Not what of you. Not what of my sister.
The omission should not have surprised her, and yet it did. But she held back her surprise and lifted her chin. “Money isn’t everything.”
“Oh, Mara,” he said, sounding older and wiser than she’d ever heard him. “Of course it is.”
The lesson of their father, burned into them.
He met her gaze. “I am not free of this. And now, neither are you.”
Truth at last.
Hours later, Lavender on a cushion at her feet, Mara was attempting to focus on her work when Lydia Baker stepped into her small office and said, “I’m tired of pretending as though I have not noticed.”

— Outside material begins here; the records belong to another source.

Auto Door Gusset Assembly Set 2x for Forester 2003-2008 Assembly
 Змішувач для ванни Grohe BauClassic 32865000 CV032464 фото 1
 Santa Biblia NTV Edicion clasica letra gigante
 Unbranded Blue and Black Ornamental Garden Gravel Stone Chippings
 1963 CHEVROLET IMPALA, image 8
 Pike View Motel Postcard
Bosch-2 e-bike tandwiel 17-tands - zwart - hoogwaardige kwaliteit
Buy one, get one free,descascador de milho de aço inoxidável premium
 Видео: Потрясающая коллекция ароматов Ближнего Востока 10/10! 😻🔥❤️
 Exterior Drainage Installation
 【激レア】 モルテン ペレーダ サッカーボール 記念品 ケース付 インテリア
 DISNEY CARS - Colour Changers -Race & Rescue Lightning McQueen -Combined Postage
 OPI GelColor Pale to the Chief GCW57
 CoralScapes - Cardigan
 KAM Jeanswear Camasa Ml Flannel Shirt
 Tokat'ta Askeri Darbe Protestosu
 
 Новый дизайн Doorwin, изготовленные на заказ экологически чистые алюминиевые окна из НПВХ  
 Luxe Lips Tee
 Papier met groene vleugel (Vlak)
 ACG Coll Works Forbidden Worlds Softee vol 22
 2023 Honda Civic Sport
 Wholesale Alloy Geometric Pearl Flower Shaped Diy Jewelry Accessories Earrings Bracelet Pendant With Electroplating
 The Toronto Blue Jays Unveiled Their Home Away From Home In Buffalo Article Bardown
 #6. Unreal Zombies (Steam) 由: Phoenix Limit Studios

Mara attempted surprise, turning wide eyes on her closest friend. “I beg your pardon?”
“Do not pretend to misunderstand me,” Lydia said, seating herself in a small wooden chair on the opposite side of Mara’s escritoire, and patted her lap to get Lavender’s attention. The piglet raised her head, considered the human, and decided to remain on her pillow. “That pig doesn’t like me.”
Mara grasped at the change in topic. “That pig spent half the morning running from a dozen maniacal boys.”
“Better than a farmer with an axe.” Lydia narrowed her gaze on the beast.
Lavender sighed.
Mara laughed.
Lydia returned her attention to Mara. “For seven years, we’ve worked side by side, and I’ve never once asked you about your past.”
Mara sat back in her chair. “A fact for which I am ever grateful.”
Lydia raised a blond brow and waved one deceivingly delicate hand in the air. “If it had only been the man who visited this afternoon, I might have ignored it. But combined with this morning’s visitor, I’m through with not asking. Dukes change everything.”